18.2.15

projeto de descalço

estou no centro geométrico da avenida quando me ocorre descalçar-me. imagino-me chegar com os sapatos na mão e assaltam-me dúvidas, evidentemente. deverei aparecer com um sapato em cada mão, ou o par numa só? a ser, a esquerda, ou a direita? ou, unidos pelos cordões, dependurados do pescoço, cachecol estranho de inverno solarengo?

do ponto de vista cromático, os sapatos castanhos são um corpo estranho na mancha azul que me oculta a nudez. um corpo tão estranho quanto os contrafortes novos o são para os calcanhares puídos, avessos às quase estreias, um problema de ovo contra galinha, caso clássico, em desenvolvimento.
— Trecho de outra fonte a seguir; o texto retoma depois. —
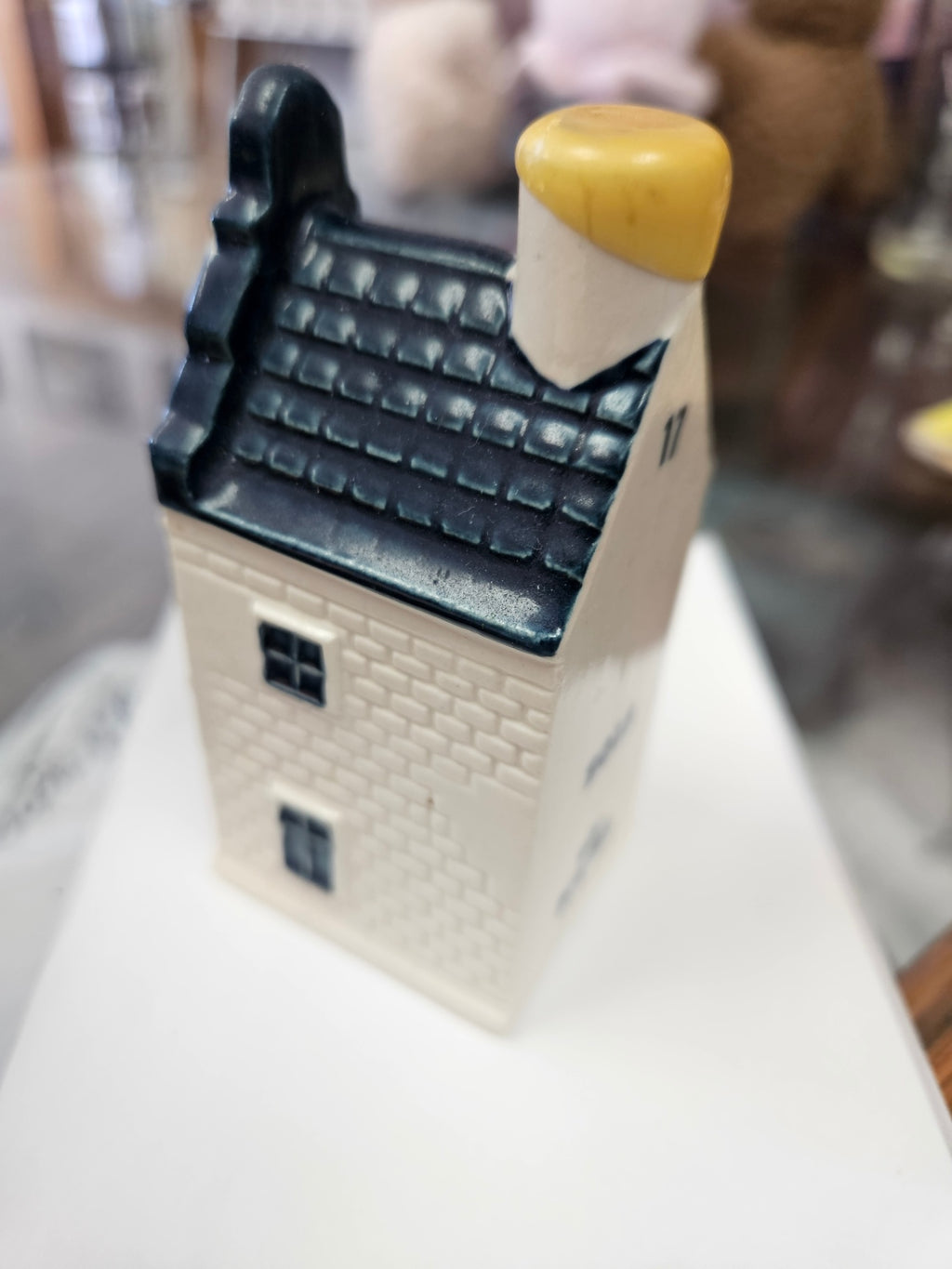 SEALED KLM House #17 BOLS Holland - Unopened w/ Gin - Pre-1995 Dutch Made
onde me dirijo, os pés ocultar-se-ão debaixo da mesa, após a singularidade momentânea tornar-se-ão invisíveis, não mais deles me recordarei até à saída. quiçá, após esse intervalo de tempo indefinido e infinito, o descalço não será o novo normal. ultrapassada a dúvida perene da mão adequada para o transporte, verei executivos manuseando sapatos, quais carlos e ega correndo para o bonde de chapéu na mão.

e eis que me esqueço mesmo, esqueço que estou calçado. passam a certeza invisível, ganham direito de presença, até há pouco, muitas horas e quilómetros após. só então os descalço, os arrumo, decido que assim ficarão até um próximo milénio, outros agraciarão com o seu afago os meus artelhos, assumo-me talião, condeno-os ao repouso da eternidade. 

eis uns sapatos com que nunca chegarei a andar descalço.